[Study material]:
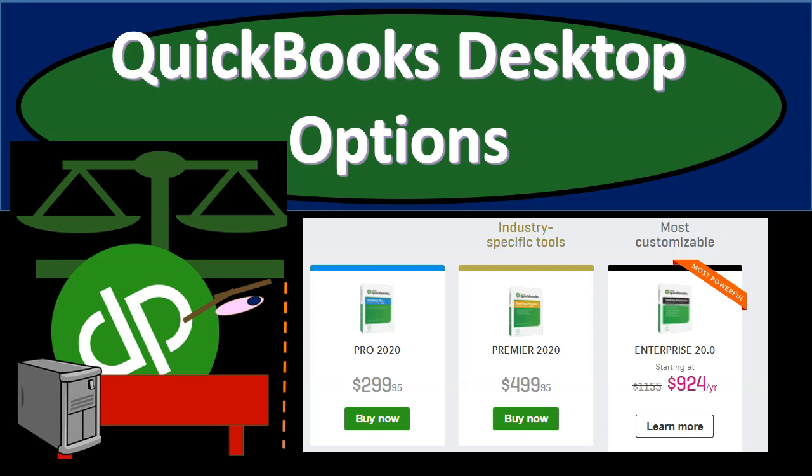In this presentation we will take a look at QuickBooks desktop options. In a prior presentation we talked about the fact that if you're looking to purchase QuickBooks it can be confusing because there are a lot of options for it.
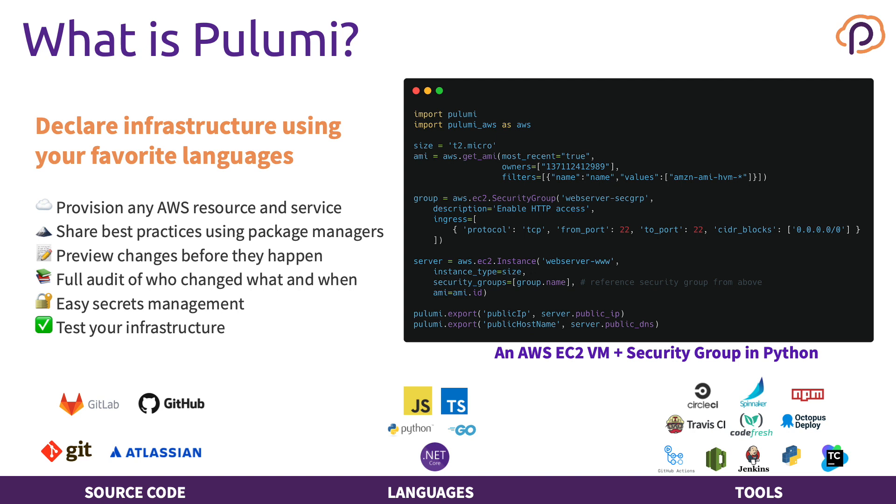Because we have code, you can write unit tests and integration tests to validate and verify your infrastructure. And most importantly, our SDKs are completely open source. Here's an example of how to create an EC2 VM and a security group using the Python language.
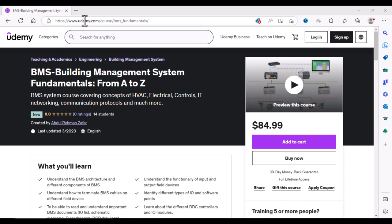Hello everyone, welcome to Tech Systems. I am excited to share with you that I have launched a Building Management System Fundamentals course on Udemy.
...
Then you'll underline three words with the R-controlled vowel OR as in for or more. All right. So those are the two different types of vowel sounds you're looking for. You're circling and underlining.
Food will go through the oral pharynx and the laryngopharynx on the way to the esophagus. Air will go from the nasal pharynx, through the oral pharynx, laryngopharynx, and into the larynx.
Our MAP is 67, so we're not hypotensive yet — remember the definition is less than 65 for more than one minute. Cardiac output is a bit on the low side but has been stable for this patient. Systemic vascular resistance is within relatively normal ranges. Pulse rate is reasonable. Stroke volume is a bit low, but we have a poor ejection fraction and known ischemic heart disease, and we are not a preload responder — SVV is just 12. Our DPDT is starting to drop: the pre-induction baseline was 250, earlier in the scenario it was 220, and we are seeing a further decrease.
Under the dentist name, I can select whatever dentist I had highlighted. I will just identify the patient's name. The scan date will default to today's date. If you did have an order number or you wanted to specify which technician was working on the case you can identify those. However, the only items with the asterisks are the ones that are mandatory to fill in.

[Directions for this task]: From the records above, transcribe only the stretch from the line with "In this presentation" through the line with "Hello everyone, welcome", keeping both ends. Omit pictures.

[Answer box]:
In this presentation we will take a look at QuickBooks desktop options. In a prior presentation we talked about the fact that if you're looking to purchase QuickBooks it can be confusing because there are a lot of options for it.
Because we have code, you can write unit tests and integration tests to validate and verify your infrastructure. And most importantly, our SDKs are completely open source. Here's an example of how to create an EC2 VM and a security group using the Python language.
Hello everyone, welcome to Tech Systems. I am excited to share with you that I have launched a Building Management System Fundamentals course on Udemy.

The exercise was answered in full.